问题
I want to import multiple TSV Files (yes: TSV) in R.
Reading a single file with an selection of spacific columns works well by using:
data00<-read.csv(file = '/Volumes/2018/06_abteilungen/bi/analytics/tools/adobe/adobe_analytics/adobe_analytics_api_rohdaten/api_via_data_feed_auf_ftp/beispiel_datenexporte_data_feed/01sssamsung4de_20180501-000000.tsv',
sep ="\t",
fill = TRUE,
quote='',
header = FALSE
)[ ,c(287, 288, 289, 290, 291, 292, 293, 304, 370, 661, 662, 812, 813, 994, 995, 1002)]
Now i want to import multiple files and combine them to a single dataframe:
setwd('/Volumes/2018/06_abteilungen/bi/analytics/tools/adobe/adobe_analytics/adobe_analytics_api_rohdaten/api_via_data_feed_auf_ftp/beispiel_datenexporte_data_feed/import_r')
temp <- list.files(pattern="*.tsv")
test_data <- lapply(temp, read.csv,
sep ="\t",
fill = TRUE,
quote='',
header = FALSE
)[ ,c(287, 288, 289, 290, 291, 292, 293, 304, 370, 661, 662, 812, 813, 994, 995, 1002)]
Last querie gives my an exception and doesnt work: Fehler in lapply(temp, read.csv, sep = "\t", fill = TRUE, quote = "", header = FALSE)[, : falsche Anzahl von Dimensionen (translation: wrong count of dimensions)

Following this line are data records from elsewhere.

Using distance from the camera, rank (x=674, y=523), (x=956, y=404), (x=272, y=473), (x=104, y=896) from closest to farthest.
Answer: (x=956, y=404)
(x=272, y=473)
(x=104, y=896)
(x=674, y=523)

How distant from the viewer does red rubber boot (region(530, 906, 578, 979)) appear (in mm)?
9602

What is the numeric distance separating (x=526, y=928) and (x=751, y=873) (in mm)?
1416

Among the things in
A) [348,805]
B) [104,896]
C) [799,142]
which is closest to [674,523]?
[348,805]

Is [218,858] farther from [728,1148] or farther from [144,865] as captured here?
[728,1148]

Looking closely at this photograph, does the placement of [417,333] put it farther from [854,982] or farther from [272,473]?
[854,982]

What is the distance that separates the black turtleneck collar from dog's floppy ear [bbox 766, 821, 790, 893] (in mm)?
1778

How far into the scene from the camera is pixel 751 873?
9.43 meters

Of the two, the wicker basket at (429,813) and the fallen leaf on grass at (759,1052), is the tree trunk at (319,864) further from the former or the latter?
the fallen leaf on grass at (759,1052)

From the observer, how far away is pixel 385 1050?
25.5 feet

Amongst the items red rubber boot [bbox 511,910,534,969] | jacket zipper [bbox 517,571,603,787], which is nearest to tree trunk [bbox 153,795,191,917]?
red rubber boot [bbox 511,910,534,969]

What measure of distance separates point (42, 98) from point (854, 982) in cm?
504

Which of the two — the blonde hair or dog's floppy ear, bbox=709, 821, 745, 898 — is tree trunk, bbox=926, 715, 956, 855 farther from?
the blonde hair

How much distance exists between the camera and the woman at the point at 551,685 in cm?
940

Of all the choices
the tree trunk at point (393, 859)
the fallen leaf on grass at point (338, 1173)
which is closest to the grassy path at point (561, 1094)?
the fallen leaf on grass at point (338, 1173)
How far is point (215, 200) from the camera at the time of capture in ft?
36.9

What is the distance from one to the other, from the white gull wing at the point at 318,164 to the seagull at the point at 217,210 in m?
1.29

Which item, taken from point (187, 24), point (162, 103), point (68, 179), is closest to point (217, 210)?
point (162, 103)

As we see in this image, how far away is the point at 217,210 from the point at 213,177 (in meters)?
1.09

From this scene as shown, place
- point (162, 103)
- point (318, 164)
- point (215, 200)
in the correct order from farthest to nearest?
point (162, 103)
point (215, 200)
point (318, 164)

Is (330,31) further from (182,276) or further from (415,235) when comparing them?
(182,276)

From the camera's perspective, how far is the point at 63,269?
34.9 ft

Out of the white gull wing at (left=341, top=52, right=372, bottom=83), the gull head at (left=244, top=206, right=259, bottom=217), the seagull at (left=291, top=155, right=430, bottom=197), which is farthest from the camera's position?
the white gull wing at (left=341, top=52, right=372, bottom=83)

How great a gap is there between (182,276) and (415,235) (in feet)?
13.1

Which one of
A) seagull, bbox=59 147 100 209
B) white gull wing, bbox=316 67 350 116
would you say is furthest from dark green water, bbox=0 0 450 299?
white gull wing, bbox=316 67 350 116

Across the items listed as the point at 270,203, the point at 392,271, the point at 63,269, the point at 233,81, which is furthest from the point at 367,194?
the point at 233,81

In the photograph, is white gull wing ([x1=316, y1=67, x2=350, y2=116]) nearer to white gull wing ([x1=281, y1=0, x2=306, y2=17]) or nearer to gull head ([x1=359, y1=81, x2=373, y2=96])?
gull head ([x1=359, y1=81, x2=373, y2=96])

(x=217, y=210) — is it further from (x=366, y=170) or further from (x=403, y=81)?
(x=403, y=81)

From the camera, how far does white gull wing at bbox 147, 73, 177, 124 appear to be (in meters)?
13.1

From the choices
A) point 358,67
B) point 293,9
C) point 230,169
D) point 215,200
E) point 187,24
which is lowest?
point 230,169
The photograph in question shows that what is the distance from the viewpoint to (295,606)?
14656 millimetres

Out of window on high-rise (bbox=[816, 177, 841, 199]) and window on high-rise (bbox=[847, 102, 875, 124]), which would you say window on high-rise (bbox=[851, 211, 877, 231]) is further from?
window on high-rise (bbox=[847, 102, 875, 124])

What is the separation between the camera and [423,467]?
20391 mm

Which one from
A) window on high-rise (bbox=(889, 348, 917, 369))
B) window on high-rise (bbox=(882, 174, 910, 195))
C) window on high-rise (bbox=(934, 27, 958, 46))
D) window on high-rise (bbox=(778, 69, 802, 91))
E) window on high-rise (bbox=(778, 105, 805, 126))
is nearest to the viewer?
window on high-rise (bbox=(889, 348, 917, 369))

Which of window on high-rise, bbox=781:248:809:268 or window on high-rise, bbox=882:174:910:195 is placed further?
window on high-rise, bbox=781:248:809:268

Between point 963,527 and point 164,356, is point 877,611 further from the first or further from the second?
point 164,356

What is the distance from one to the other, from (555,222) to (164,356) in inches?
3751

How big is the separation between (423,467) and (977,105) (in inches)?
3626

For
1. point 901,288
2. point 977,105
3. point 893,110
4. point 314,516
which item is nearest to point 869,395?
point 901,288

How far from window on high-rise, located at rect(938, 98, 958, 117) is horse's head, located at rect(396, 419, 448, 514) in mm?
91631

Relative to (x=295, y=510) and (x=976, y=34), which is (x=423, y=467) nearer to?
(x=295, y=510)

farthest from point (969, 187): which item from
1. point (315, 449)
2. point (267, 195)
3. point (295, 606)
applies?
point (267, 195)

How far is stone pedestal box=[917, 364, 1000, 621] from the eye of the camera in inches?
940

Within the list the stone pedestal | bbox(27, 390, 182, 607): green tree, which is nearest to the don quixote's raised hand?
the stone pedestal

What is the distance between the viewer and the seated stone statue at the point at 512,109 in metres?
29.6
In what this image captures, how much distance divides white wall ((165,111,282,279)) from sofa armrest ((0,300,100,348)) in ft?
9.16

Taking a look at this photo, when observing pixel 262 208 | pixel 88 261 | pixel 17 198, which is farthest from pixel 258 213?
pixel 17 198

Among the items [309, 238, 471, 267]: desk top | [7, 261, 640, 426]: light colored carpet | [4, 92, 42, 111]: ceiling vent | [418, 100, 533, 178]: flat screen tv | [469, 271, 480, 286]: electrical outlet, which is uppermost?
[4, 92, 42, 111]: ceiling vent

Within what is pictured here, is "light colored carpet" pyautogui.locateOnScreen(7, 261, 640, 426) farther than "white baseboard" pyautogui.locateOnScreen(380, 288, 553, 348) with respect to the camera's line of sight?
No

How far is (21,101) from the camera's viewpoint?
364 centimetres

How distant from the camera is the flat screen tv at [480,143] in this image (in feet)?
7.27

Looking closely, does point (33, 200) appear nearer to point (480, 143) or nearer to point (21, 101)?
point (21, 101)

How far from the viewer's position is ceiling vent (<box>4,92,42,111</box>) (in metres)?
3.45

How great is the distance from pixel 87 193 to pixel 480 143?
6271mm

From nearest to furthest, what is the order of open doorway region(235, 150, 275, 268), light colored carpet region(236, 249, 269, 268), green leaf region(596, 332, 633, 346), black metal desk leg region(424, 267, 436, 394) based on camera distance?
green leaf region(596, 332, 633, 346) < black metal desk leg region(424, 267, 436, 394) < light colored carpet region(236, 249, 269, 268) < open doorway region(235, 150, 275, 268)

When I take all columns, it works:
test_data <- lapply(temp, read.csv,
sep ="\t",
fill = TRUE,
quote='',
header = FALSE
)
回答1:
You are indexing the list of data frames, and not the dataframes themselves. Try:
test_data <- lapply(temp,function(x){
read.csv(file = x,
sep ="\t",
fill = TRUE,
quote='',
header = FALSE
)[ ,c(287, 288, 289, 290, 291, 292, 293, 304, 370, 661, 662, 812, 813,994, 995, 1002)]
}
)
回答2:
Hard to say without sample-data, but I believe you have to 'merge' your imported lists first:
dplyr solution:
library(dplyr)
test_data <- lapply(temp, read.csv,
sep ="\t",
fill = TRUE,
quote='',
header = FALSE
) %>%
bind_rows() %>%
select( c(287, 288, 289, 290, 291, 292, 293, 304, 370, 661, 662, 812, 813, 994, 995, 1002) )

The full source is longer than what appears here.